Summary. The paper claims to provide the first systematic characterization of transport-layer breaking points in federated learning (FL) systems under highly constrained network and compute resources. Using a reproducible testbed with chaos engineering tools to evaluate the Flower framework under conditions representative of edge deployments, it identifies precise failure thresholds: catastrophic failure at 5-second one-way latency due to TCP handshake timeouts, above 50% packet loss due to buffer exhaustion, and at 90% client dropout rates. The work attributes these to a fundamental mismatch between FL's periodic burst-idle communication pattern and default TCP connection management, demonstrates the issue via analysis of connection patterns during training rounds, and shows that tuning three TCP parameters can significantly reduce training time under extreme latency.

Significance. If the empirical findings hold after addressing methodological gaps, the work is significant for edge computing and FL deployment. It supplies concrete, actionable thresholds for when standard FL systems will fail in poor-connectivity environments and shows that modest transport-layer adjustments can extend viability, moving beyond generic advice to specific operational boundaries and a proof-of-concept fix. This could inform both FL framework design and network configuration practices for resource-constrained settings.

major comments (2)

[Experimental Methodology / Testbed Description] The central empirical claims (precise thresholds of 5 s one-way latency, >50 % packet loss, and 90 % dropout) rest on the testbed's ability to isolate failures to the FL burst-idle pattern versus TCP defaults. The methods description provides no information on the number of independent runs, statistical procedures used to establish the boundaries, or controls for confounding variables introduced by the chaos-engineering tools themselves (e.g., whether latency injection also perturbs kernel timers or buffer behavior outside the intended variables).
[Analysis of Connection Patterns] The attribution of observed catastrophes specifically to the mismatch between FL's burst-idle traffic and TCP assumptions requires explicit evidence that the degradation mechanisms do not independently produce the same symptoms. The systematic analysis of connection patterns during training rounds should include additional controls or ablation experiments to rule out testbed artifacts as the primary cause.

minor comments (1)

[Abstract] The abstract states that 'adjusting just three TCP connection management parameters' yields significant improvement but does not name the parameters; adding this detail would strengthen the practical takeaway without altering the core contribution.

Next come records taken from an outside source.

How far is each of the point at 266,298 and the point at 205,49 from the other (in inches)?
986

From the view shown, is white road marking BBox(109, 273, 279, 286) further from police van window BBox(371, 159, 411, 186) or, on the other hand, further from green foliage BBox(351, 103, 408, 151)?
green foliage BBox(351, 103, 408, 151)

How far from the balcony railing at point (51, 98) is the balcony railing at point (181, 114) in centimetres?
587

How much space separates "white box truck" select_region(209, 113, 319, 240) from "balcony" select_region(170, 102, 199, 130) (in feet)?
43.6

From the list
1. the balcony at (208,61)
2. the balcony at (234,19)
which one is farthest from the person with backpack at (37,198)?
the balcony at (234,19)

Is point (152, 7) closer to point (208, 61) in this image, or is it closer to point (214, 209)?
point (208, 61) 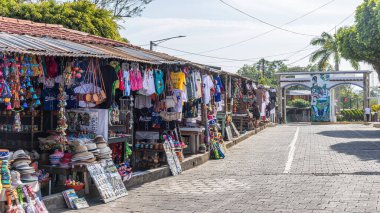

Simulated Author's Rebuttal

2 responses · 0 unresolved

We thank the referee for the constructive and detailed comments, which highlight important areas for improving the rigor of our experimental methodology. We address each major comment below and will incorporate the suggested changes in the revised manuscript.

read point-by-point responses

Referee: [Experimental Methodology / Testbed Description] The central empirical claims (precise thresholds of 5 s one-way latency, >50 % packet loss, and 90 % dropout) rest on the testbed's ability to isolate failures to the FL burst-idle pattern versus TCP defaults. The methods description provides no information on the number of independent runs, statistical procedures used to establish the boundaries, or controls for confounding variables introduced by the chaos-engineering tools themselves (e.g., whether latency injection also perturbs kernel timers or buffer behavior outside the intended variables).

Authors: We agree that the methods section requires additional detail to substantiate the isolation of failures to the FL burst-idle pattern. In the revised manuscript, we will expand the testbed description to specify the number of independent runs performed for each configuration, the statistical procedures used to establish the reported thresholds (including means and confidence intervals), and explicit controls verifying that the chaos-engineering tools affect only the intended network parameters without unintended side effects on kernel timers or buffers. revision: yes
Referee: [Analysis of Connection Patterns] The attribution of observed catastrophes specifically to the mismatch between FL's burst-idle traffic and TCP assumptions requires explicit evidence that the degradation mechanisms do not independently produce the same symptoms. The systematic analysis of connection patterns during training rounds should include additional controls or ablation experiments to rule out testbed artifacts as the primary cause.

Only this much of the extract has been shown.